Linux的namespace和cgroups简介
作者:尹正杰
版权声明:原创作品,谢绝转载!否则将追究法律责任。
一.Linux Namespace技术
Namespace是Linux系统的底层概念,在内核层实现,即有一些不同类型的命名空间被部署在核内,各个docker容器运行在同一个docker主进程并且共用同一个宿主机系统内核。
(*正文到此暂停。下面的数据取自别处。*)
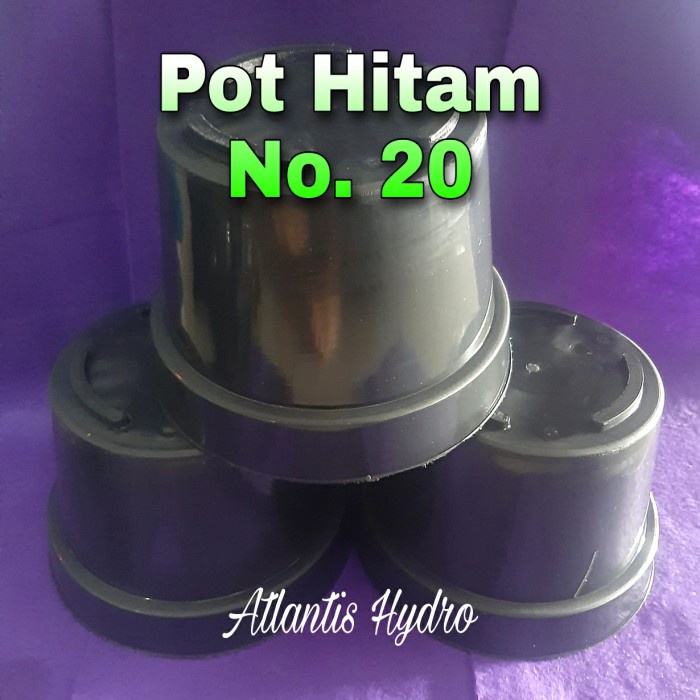 Pot Plastik Hitam / Pot Tanaman / Pot Bunga No. 20 MURAH 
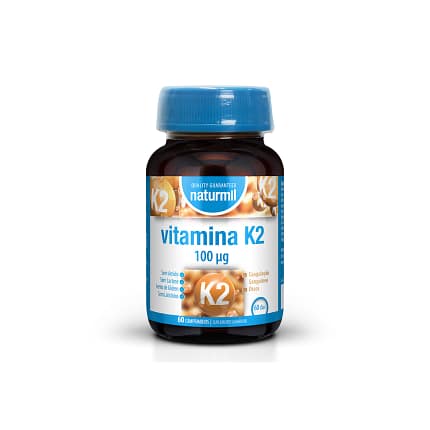 Vitamina K2 Suplemento Alimentar Naturmil Manutenção Óssea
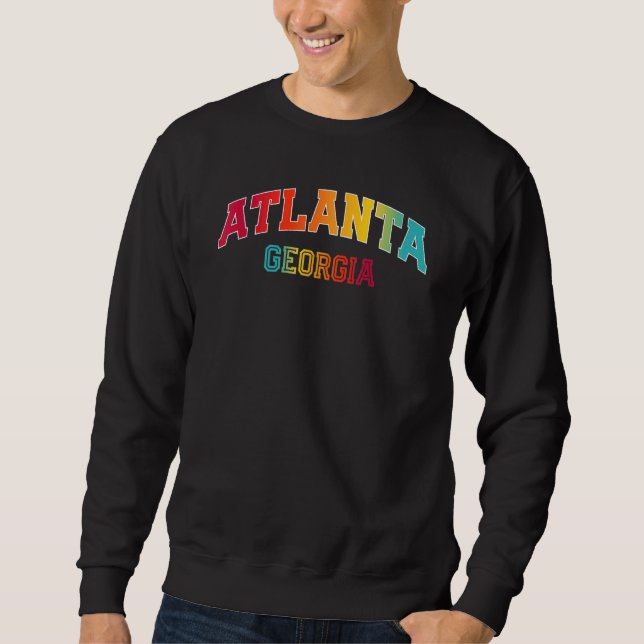 Atlanta Georgia Färg Lång Ärmad Tröja (Framsida)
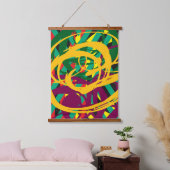 Abstract Art 3 Hangend Wandkleed (Slaapkamer)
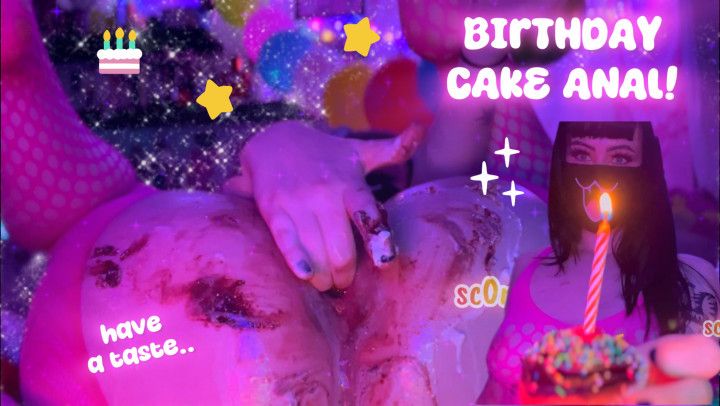 rubys 20th birthday cake stuffing anal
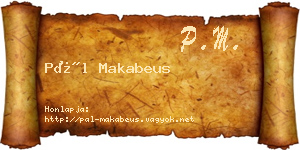Pál Makabeus névjegykártya
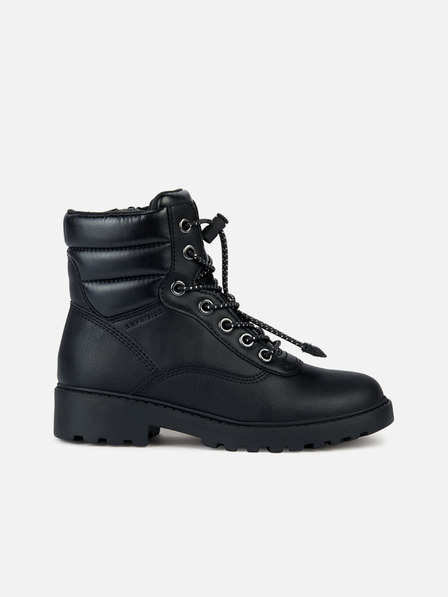 Geox Schwarze Mädchen-Stiefeletten Geox Casey B ABX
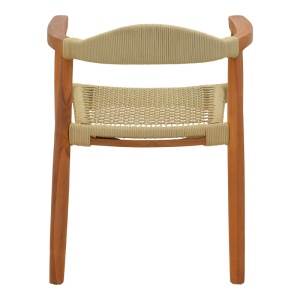 Scaun cu Brate Model Ganny, Natur, 61x58x71 cm - Img 6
各docker容器运行在宿主机的用户空间,每个容器都要有类似于虚拟机一样的相互隔离的运行空间,但是容器技术是在一个进程内实现运行指定服务的运行环境,并且还可以保护宿主机内核不受其他进程的干扰和影响,如文件系统空间,网络空间,进程空间等,目前主要通过以下技术实现容器运行空间的相互隔离。
1>.MNT Namespace
每个容器都要有独立的根文件系统用户空间,以实现在容器里面启动服务并且使用容器的运行环境,即一个宿主机是ubuntu的服务器,可以在里面启动一个centos运行环境的容器并且在里面启动一个Nginx服务,此Nginx运行时使用的运行环境就是centos系统目录的运行环境,但是在容器里面不能访问宿主机的资源,宿主机是使用了chroot技术把容器锁定到一个指的运行目录里面。
2>.IPC Namespace
一个容器内的进程间通信,允许一个容器内的不同进程的(内存,缓存等)数据访问,但是不能跨容器访问其他容器的数据 。
3>.UTS Namespace
UTS namespace(UNIX Timesharing System 包含了运行内核的名称、版本底层体系结构类型等信息)用于系统标识,其中包含了hostname和域名domainname,它使得一个容器拥有属于自己hostname标识,这个主机名标识独立于宿主机系统和其上的他容器 。
4>.PID Namespace
Linux系统中,有一个PID为1的进程(init/systemd)是其他所有进程的父,那么 在每个容器内也要有一个父进程来管理其下属的子进程,那么多个容器的进程通的PID namespace进程隔离(比如PID编号重复、器内的主进程与回收子进程等)。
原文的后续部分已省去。